Not quite! We still need to get the transcribed text off the phone. Thankfully this is mercifully easy.
There is a "Send email" action in shortcuts, with some fairly straightforward options:
You need to have the iOS mail app set up and use your email address there, but that's fairly straightforward to set up. I would also input your destination email and disable the "Show Compose Sheet" option so that the transcript will automatically send, but again, that's optional.16
And there you have it! You have a functioning shortcut which takes a picture, transcribes it, and then sends you an email with the transcribed text.
It's a lot to describe, but this is all something I did in about 3 hours in the evening after work one day.17 I genuinely use it every day, and I learned a ton about APIs and requests through doing this.
What's next? I'd like to modify the shortcut to take multiple images in one go, so that I don't have an essay like this split over 8 separate emails! But that's a project for another time ...
Setting up the shortcut
If you're interested in using this shortcut yourself, follow these instructions:18
- Download the API Keys Template Shortcut and the transcription shortcut on an iOS device.
- Just click the above links on your desired device
- Go to this website to obtain a Gemini API Key. (You can do this on a computer, even if it isn't Apple.)
- After you make the API key, copy it into a safe place somewhere, where you can access it, but other people can't see it.
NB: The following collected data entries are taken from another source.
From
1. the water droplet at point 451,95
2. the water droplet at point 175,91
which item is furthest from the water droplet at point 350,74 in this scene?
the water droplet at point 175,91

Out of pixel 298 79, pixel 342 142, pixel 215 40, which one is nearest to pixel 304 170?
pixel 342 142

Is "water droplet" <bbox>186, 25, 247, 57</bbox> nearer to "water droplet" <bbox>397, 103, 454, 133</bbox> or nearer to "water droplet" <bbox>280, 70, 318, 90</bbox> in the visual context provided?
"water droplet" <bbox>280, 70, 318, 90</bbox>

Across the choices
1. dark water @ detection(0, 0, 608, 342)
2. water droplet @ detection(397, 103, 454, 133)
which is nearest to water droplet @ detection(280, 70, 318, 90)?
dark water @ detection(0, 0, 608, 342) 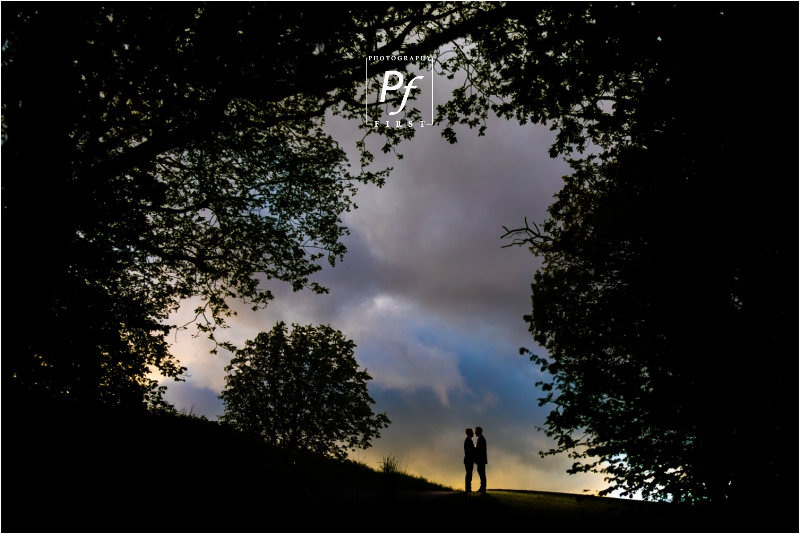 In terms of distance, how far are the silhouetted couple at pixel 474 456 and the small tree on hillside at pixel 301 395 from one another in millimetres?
20066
- Important: Make sure that the API key you create is on the paid tier. It is literally less than a tenth of a cent per photo, and it prevents google from training on your data. If you put anything sensitive in, you'll want the paid API key.
- To make sure the API key is on the paid tier, click the button that says "billing" under the plan header and edit your credit/debit card information.
- Edit the API Keys Template Shortcut
- If necessary, navigate to the shortcuts app
- Press the three dots to edit the shortcut (may be different on MacOS)
- Enter your API key where it says to do so.
- Edit the Gemini Transcription Public shortcut
- Press the three dots to call the Template Shortcut
- Click on the first cell, and choose "API Keys Template Shortcut" as the shortcut to call
- Click the arrow on the last cell, and toggle "Show Compose Sheet." It will prompt you to include your email address, do so.
- Make sure you are using the iOS mail app (may be different on MacOS)
- Test the shortcut by pressing the little triangle at the very bottom right of your screen.
- When the shortcut prompts you, press "always allow"
With any luck, it should be ready to go!
I like having the shortcut as a widget on my home screen. To do so yourself, follow these instructions from Apple.
The prompt I've included in the public version is
Please transcribe this handwritten text, making sure to transcribe each word. If there is a reasonable English word that could have been meant, try to write that. Ignore all crossed out words. Do not add new line markers for new lines, but instead represent them as spaces. Do separate paragraphs.
This is the result of some trial and error, but I am still experimenting with better prompts. It may be worthwhile to tweak or change the prompt if you are not getting good performance. There are good resources online for writing good prompts.
Thank you to Claire Pettit for her comments and providing valuable feedback on the installation process. Thank you also to Atty Yang, Zachary Kelly, and Julia Evans for reading draft posts and providing feedback!